▶ Task prompt
For the records below, output word for word the lines from the one with "Large empty industrial" up to and including the one with "A compact kitchen". No pictures.

▶ Information provided
_ _ _

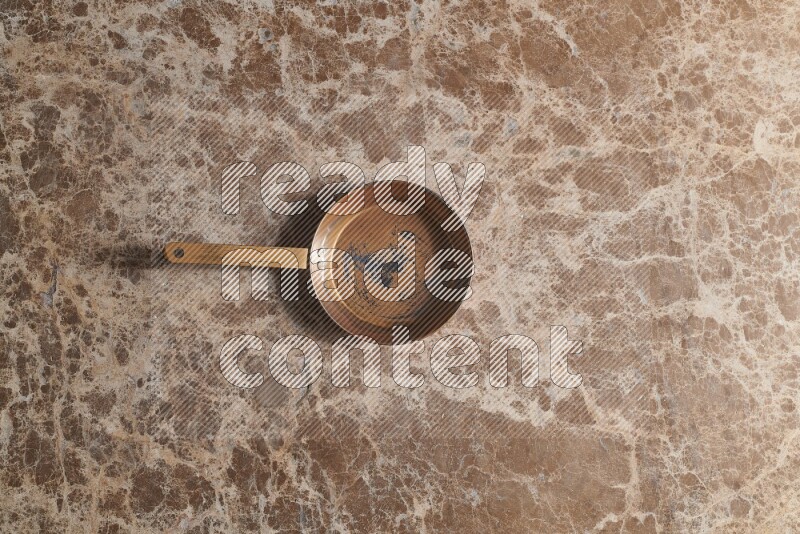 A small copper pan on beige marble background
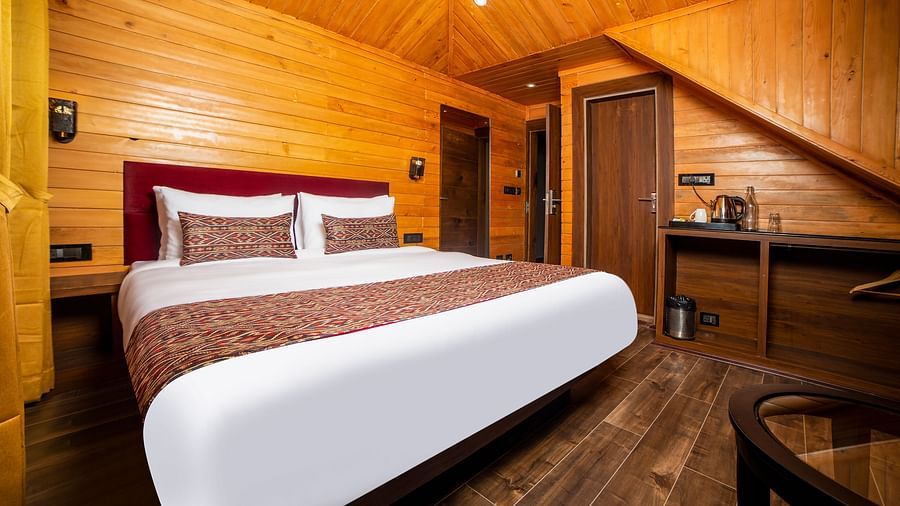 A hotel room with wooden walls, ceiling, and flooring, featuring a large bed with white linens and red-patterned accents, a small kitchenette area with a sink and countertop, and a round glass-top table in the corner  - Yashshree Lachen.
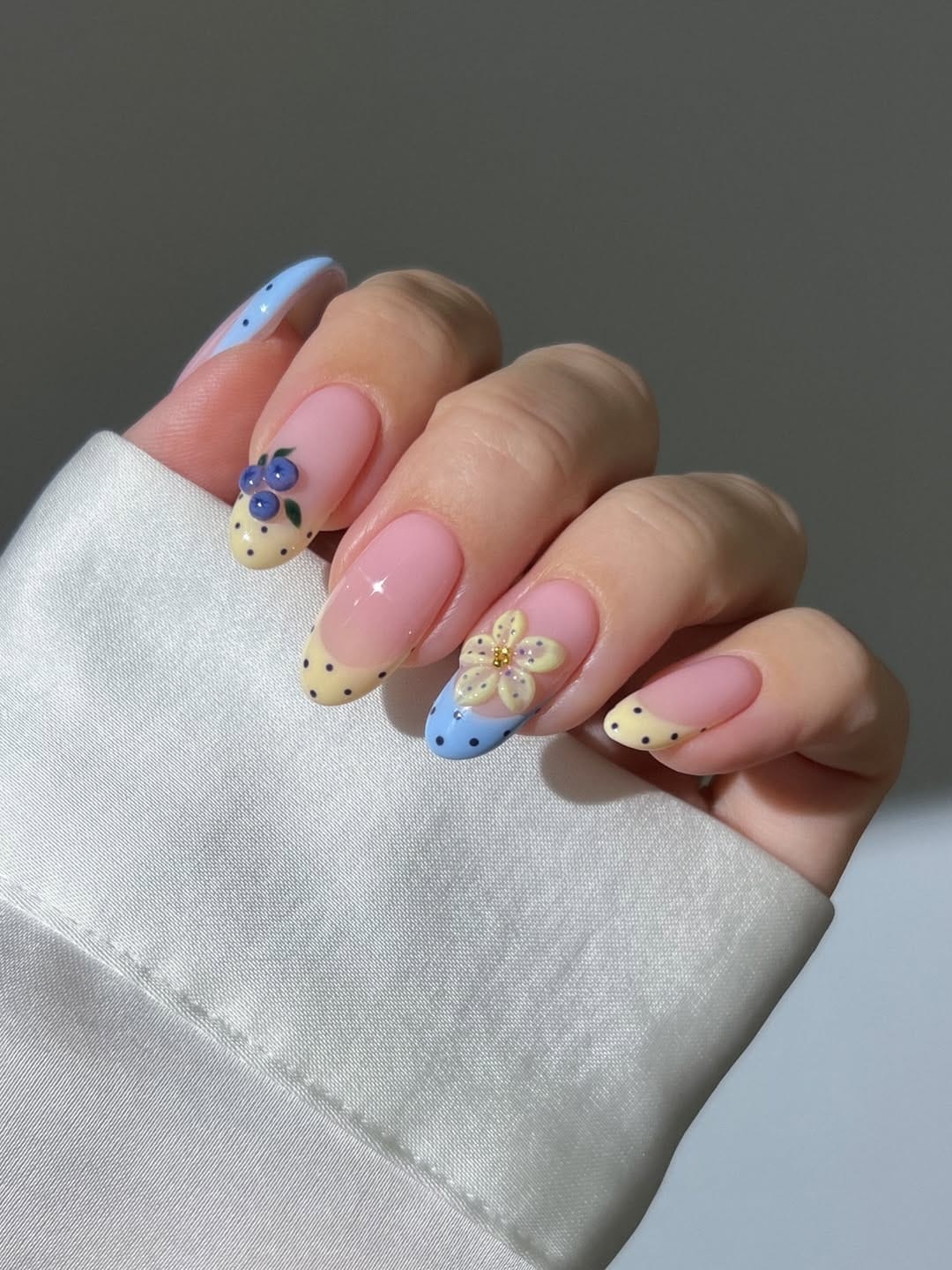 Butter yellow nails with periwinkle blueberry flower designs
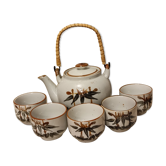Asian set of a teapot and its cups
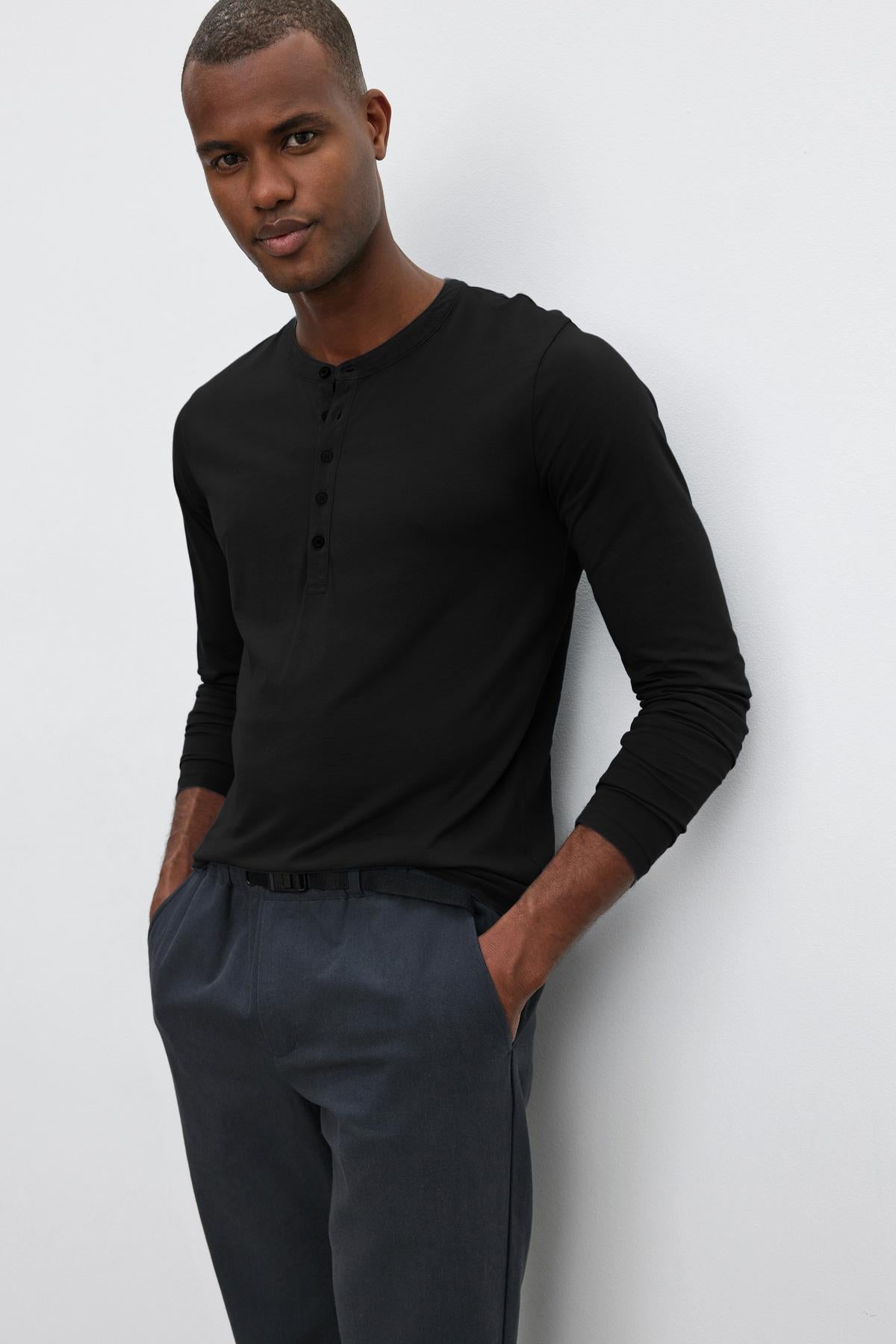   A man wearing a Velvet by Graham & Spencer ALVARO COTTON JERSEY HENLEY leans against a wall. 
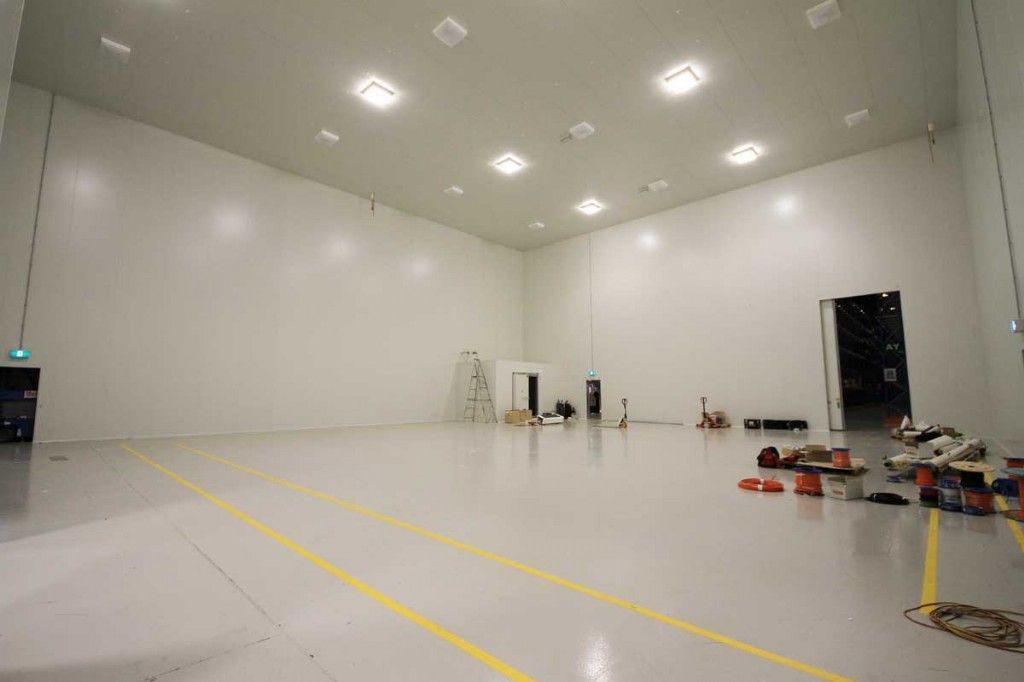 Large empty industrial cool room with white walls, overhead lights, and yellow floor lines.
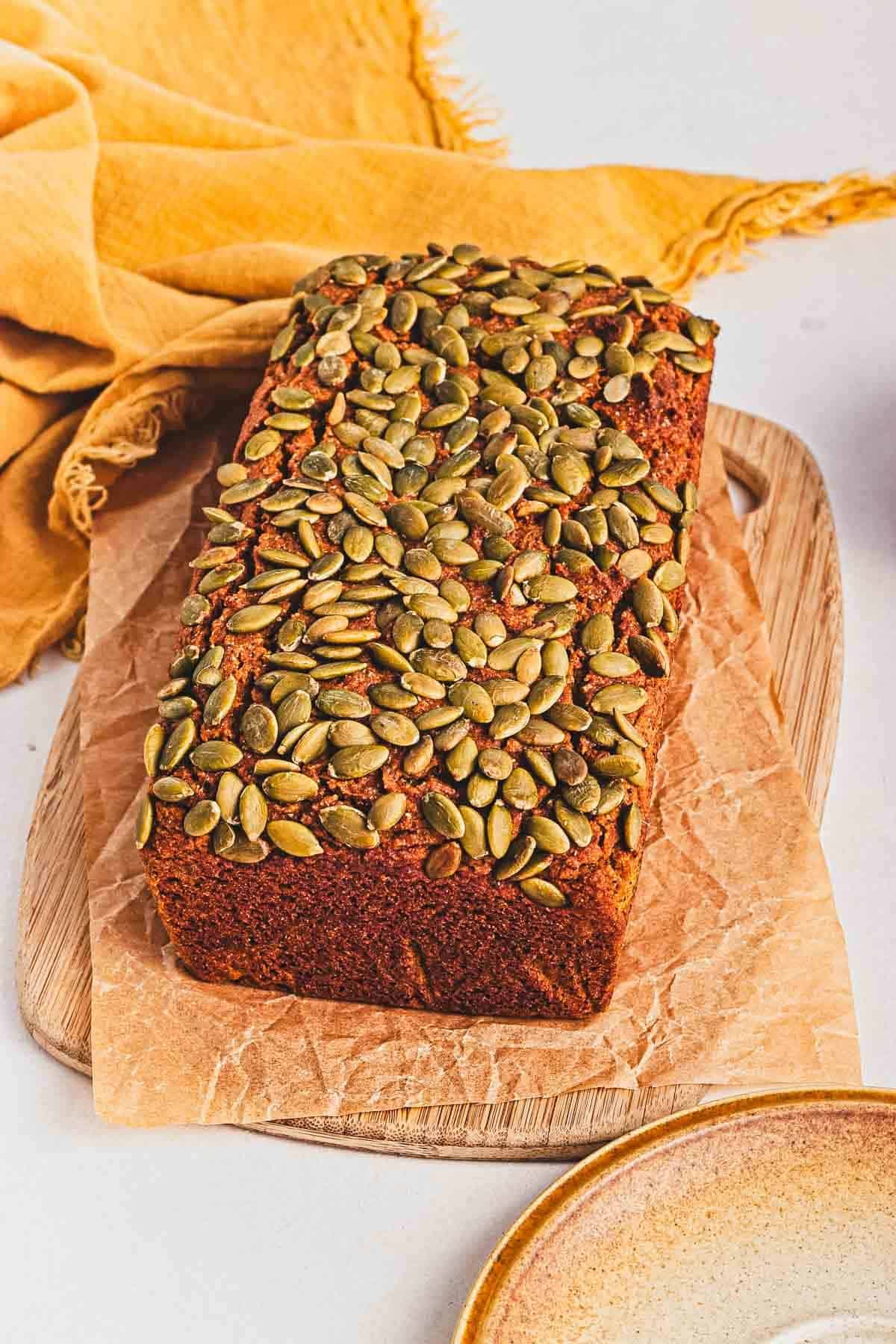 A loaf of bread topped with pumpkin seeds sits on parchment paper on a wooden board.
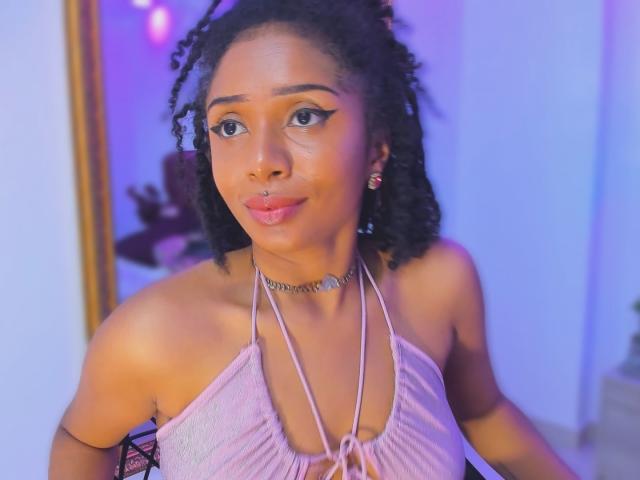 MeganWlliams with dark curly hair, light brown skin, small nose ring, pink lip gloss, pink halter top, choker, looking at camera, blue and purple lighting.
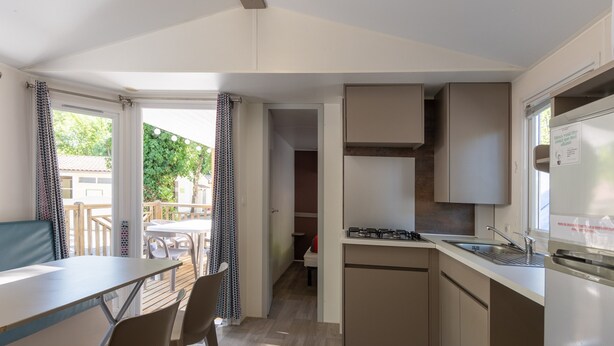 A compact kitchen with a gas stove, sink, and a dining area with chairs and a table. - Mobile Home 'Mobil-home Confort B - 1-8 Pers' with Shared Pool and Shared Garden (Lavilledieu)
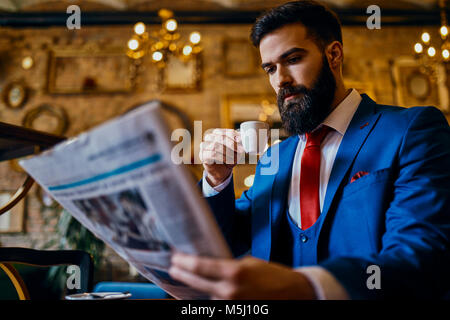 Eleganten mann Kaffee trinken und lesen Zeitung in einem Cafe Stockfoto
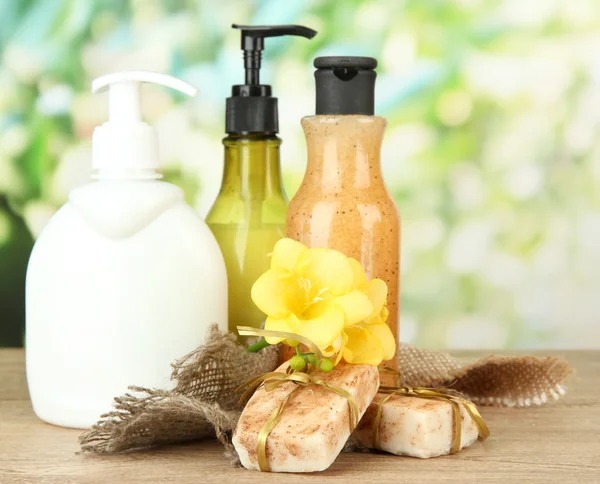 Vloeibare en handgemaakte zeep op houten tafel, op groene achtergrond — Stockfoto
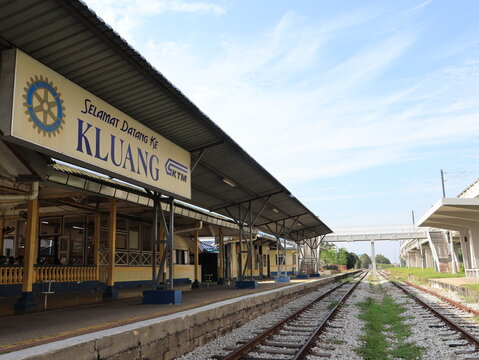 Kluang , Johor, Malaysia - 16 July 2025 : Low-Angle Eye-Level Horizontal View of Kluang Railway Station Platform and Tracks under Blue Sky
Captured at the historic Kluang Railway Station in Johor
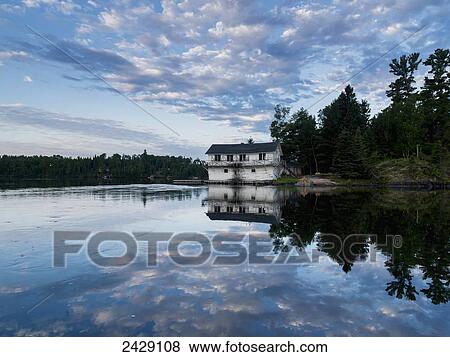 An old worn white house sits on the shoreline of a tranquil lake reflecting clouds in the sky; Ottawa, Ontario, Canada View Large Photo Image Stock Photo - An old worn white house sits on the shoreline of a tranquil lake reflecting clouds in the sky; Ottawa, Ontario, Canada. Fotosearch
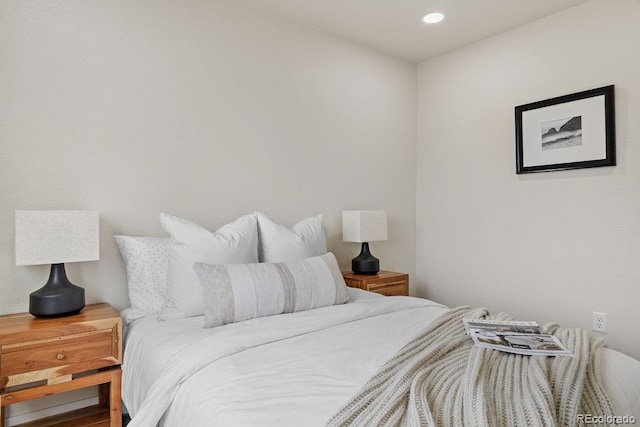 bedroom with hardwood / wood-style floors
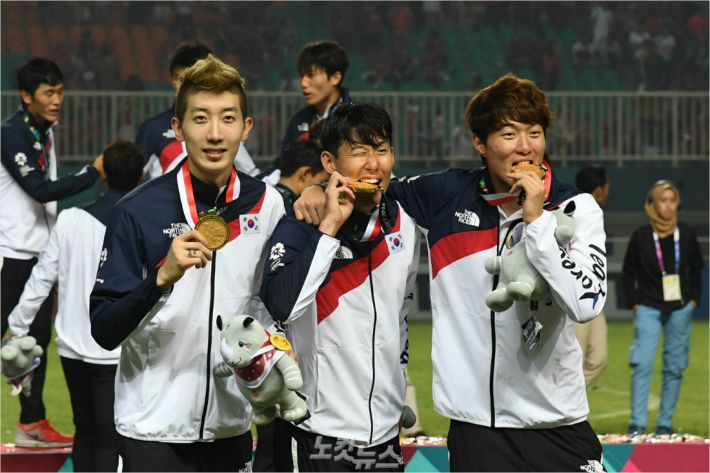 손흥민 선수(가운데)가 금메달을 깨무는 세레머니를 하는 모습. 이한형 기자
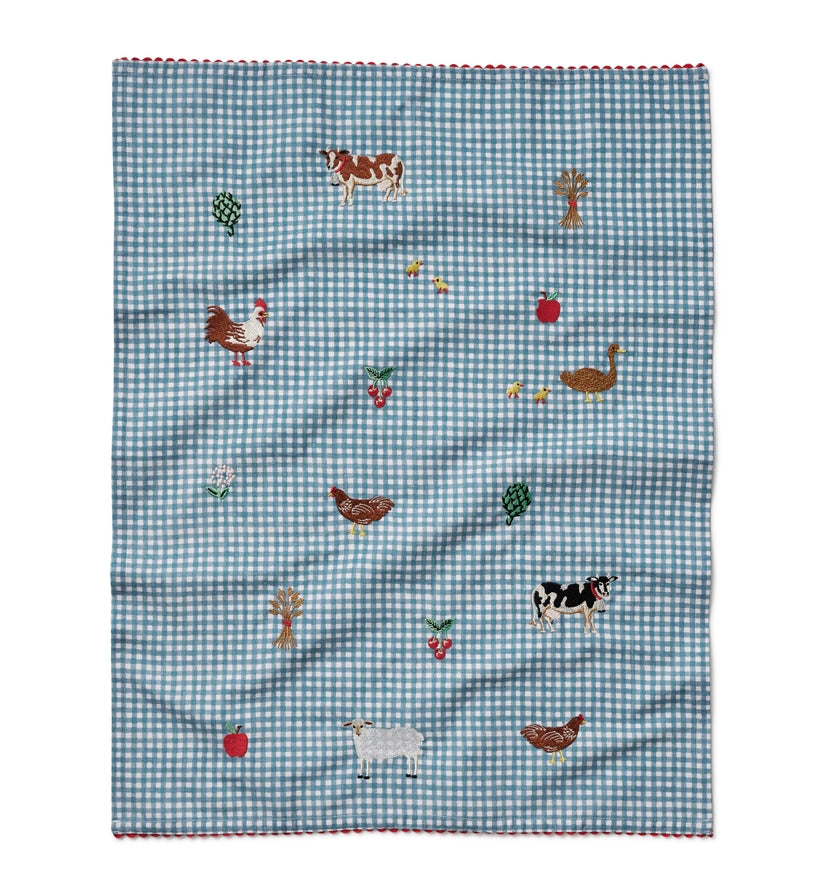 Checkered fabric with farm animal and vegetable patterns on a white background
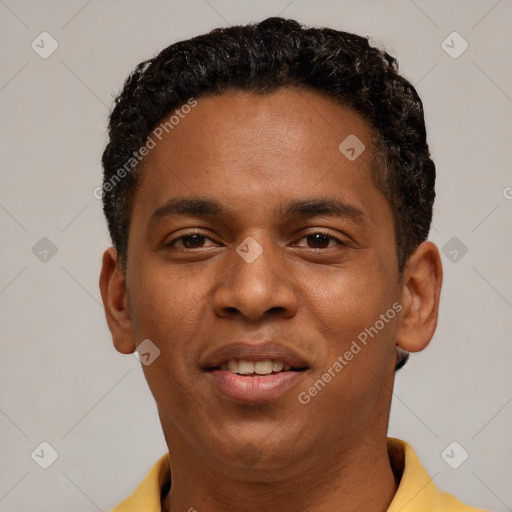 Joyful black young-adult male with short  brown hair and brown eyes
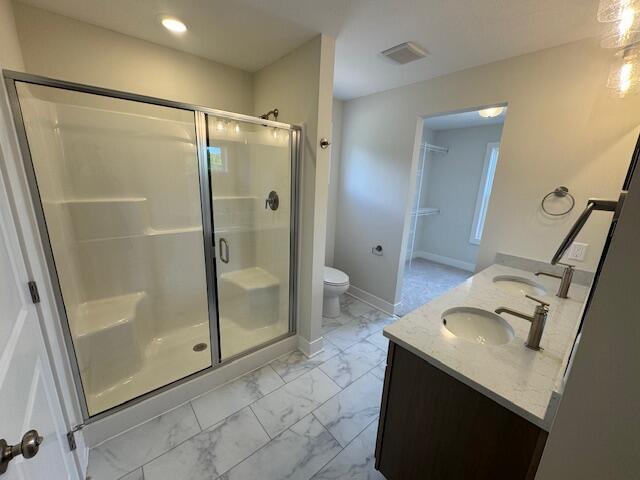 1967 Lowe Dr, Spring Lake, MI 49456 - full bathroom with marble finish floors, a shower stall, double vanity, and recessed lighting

_ _ _

▶ Exercise response
 Large empty industrial cool room with white walls, overhead lights, and yellow floor lines.
 A loaf of bread topped with pumpkin seeds sits on parchment paper on a wooden board.
 MeganWlliams with dark curly hair, light brown skin, small nose ring, pink lip gloss, pink halter top, choker, looking at camera, blue and purple lighting.
 A compact kitchen with a gas stove, sink, and a dining area with chairs and a table. - Mobile Home 'Mobil-home Confort B - 1-8 Pers' with Shared Pool and Shared Garden (Lavilledieu)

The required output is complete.